[Saved entries]
━━━━━━━━━━━━━━━━━━━━

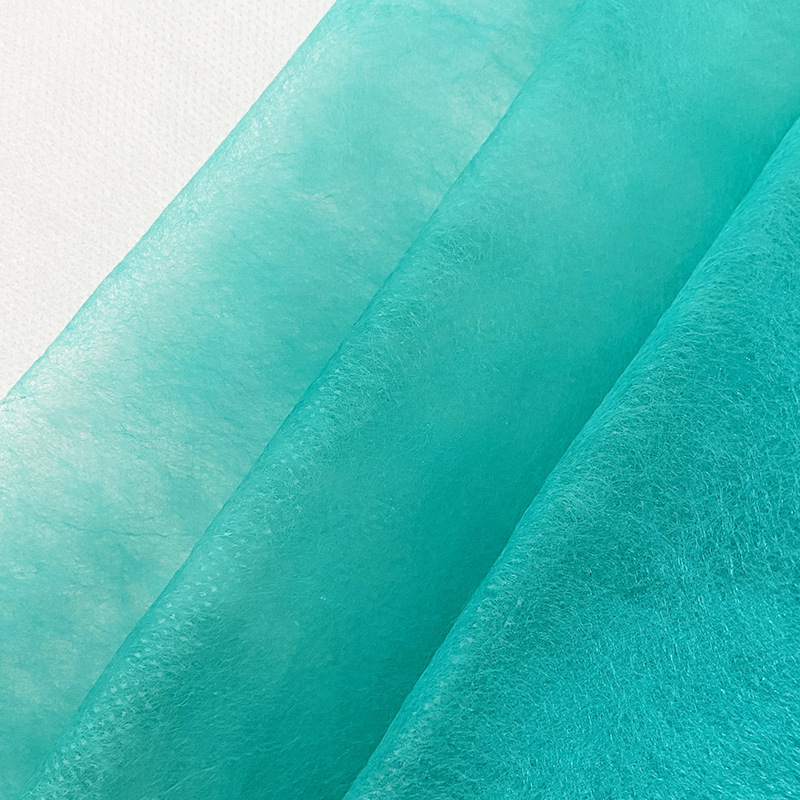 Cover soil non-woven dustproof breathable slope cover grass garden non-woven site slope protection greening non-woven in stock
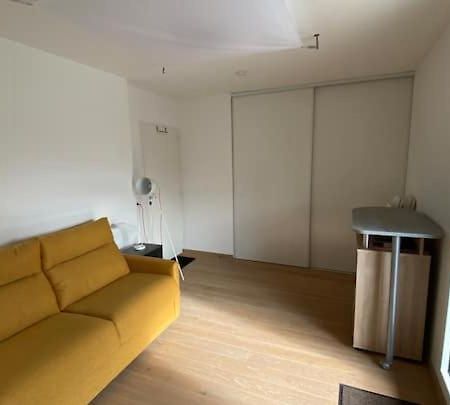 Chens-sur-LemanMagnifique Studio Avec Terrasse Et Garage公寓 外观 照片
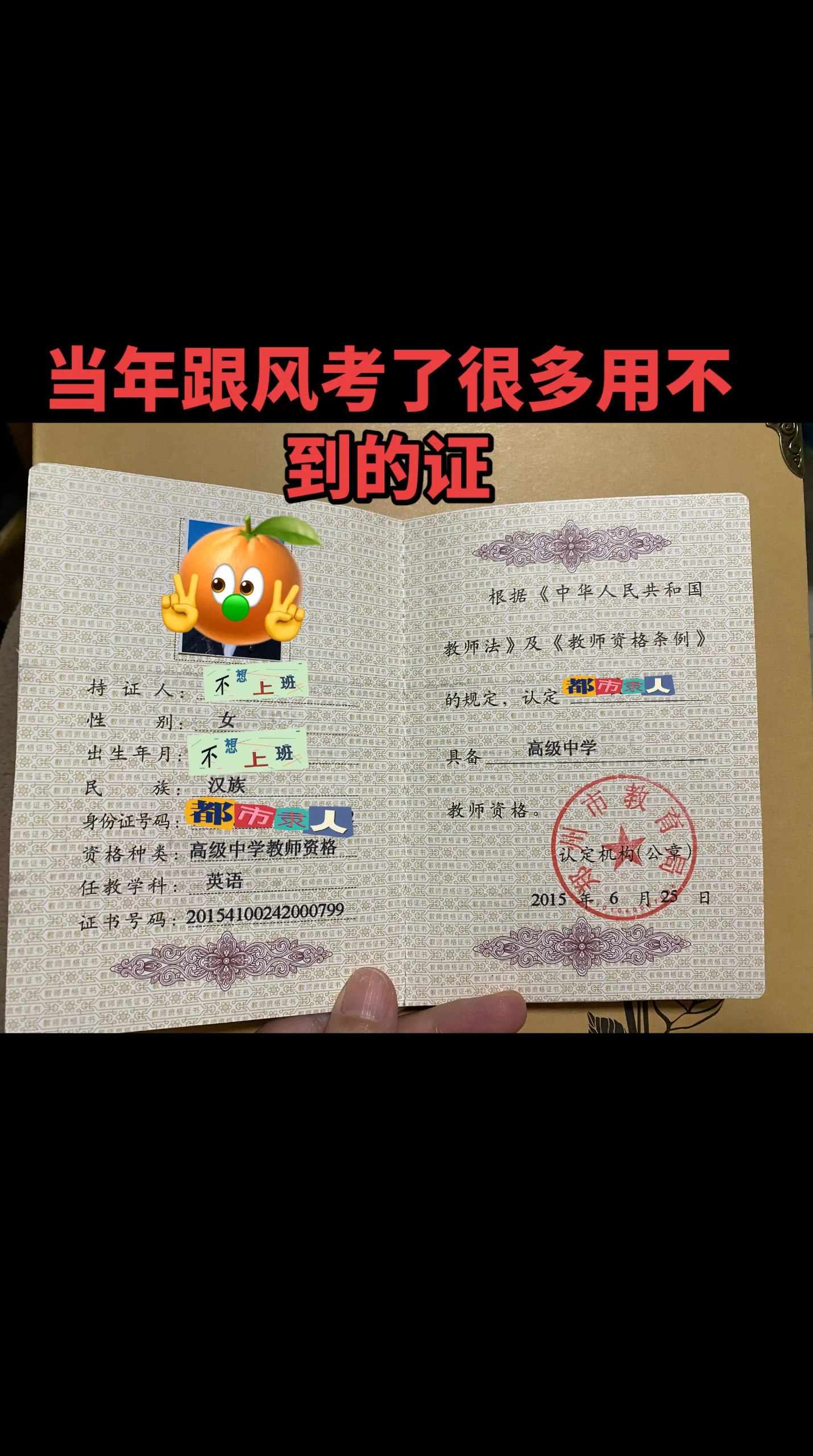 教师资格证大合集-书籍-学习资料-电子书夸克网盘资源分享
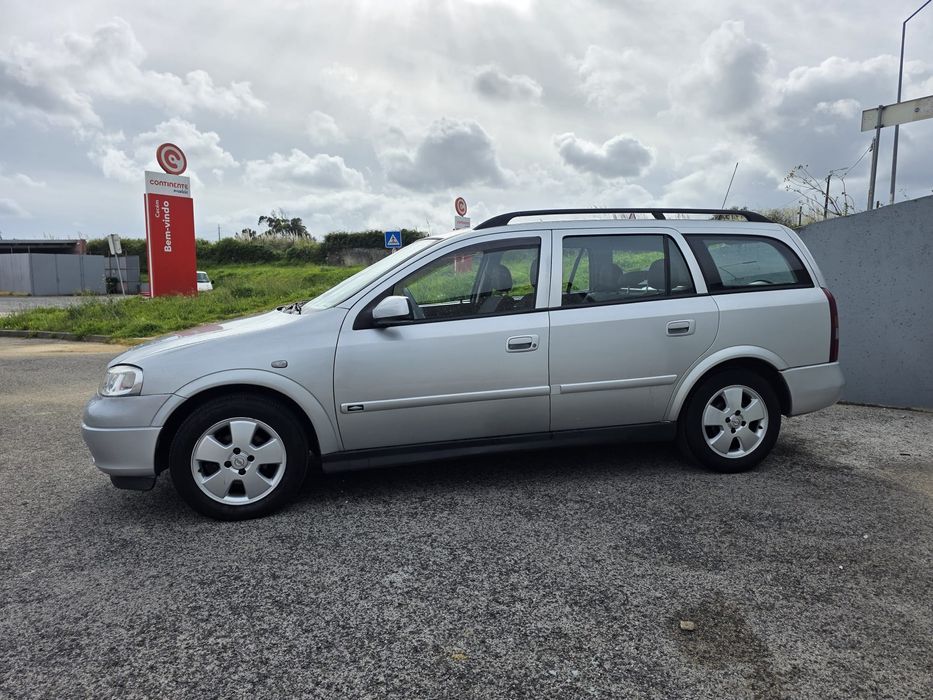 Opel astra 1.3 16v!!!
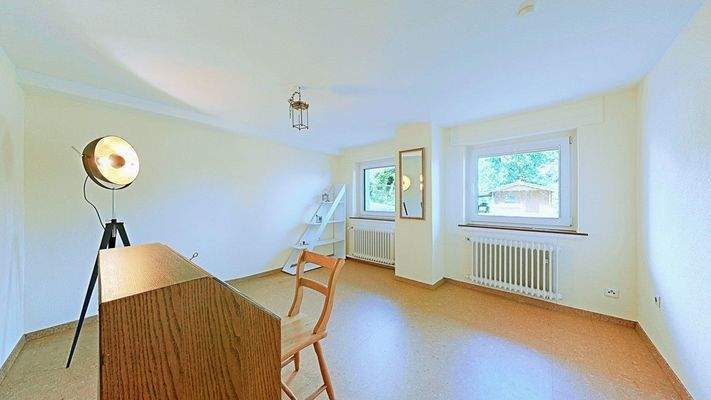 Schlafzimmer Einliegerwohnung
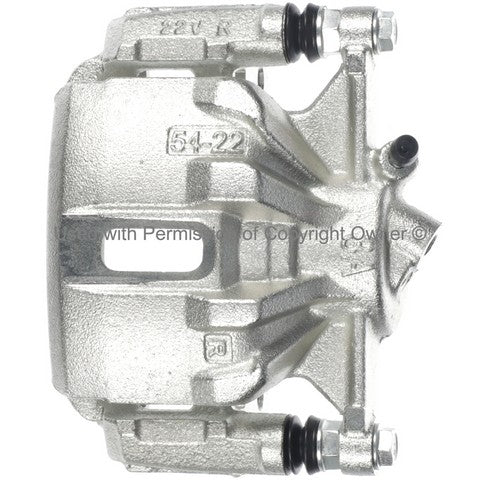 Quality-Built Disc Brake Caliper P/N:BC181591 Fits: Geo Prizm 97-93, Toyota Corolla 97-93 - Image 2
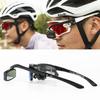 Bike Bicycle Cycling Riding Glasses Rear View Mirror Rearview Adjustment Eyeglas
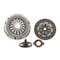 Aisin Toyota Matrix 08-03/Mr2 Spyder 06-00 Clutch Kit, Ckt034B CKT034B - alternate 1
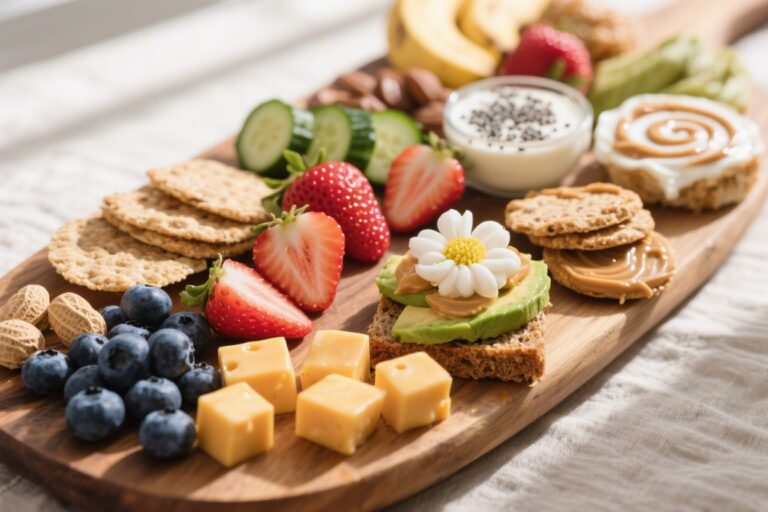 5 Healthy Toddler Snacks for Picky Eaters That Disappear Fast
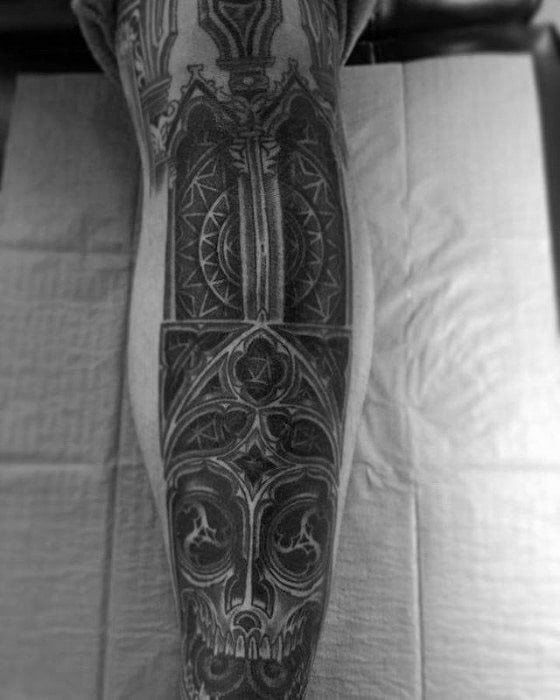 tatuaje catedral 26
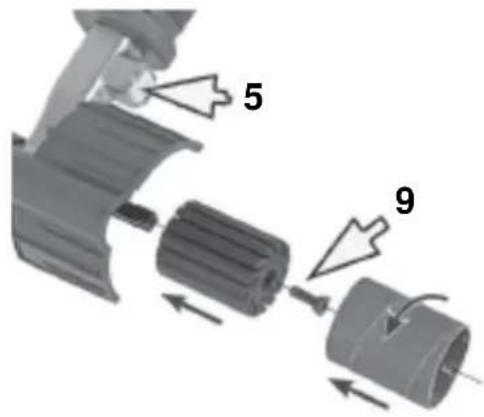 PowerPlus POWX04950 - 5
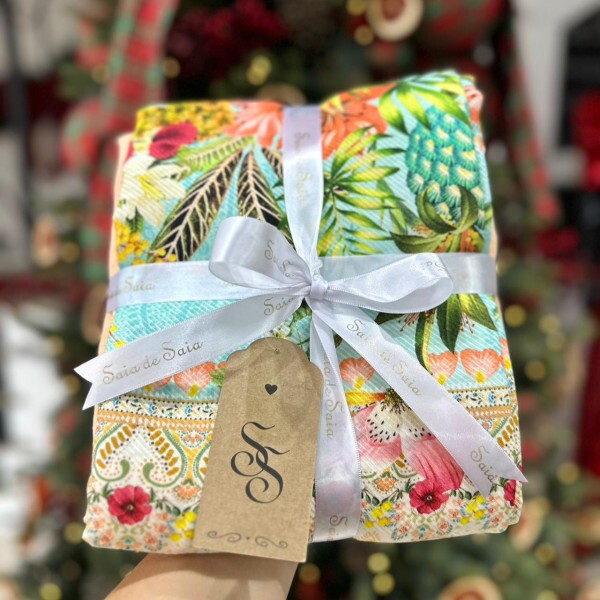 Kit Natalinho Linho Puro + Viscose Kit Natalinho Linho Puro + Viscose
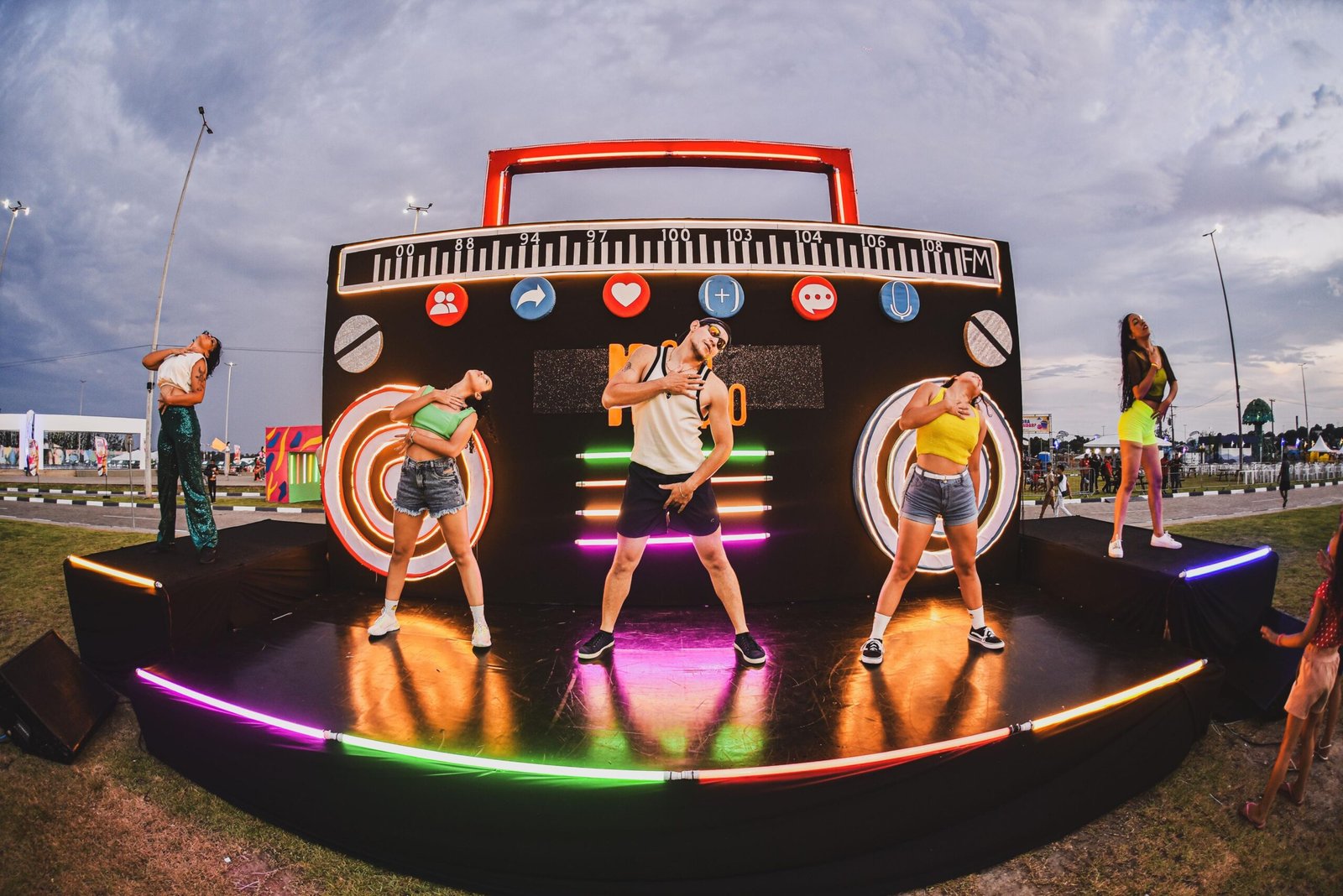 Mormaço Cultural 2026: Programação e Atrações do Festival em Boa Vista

━━━━━━━━━━━━━━━━━━━━

• What to produce:
Write out each line exactly, from the one containing "PowerPlus POWX04950 - 5" through the end of the entries, and skip the pictures.

• Task output:
 PowerPlus POWX04950 - 5
 Kit Natalinho Linho Puro + Viscose Kit Natalinho Linho Puro + Viscose
 Mormaço Cultural 2026: Programação e Atrações do Festival em Boa Vista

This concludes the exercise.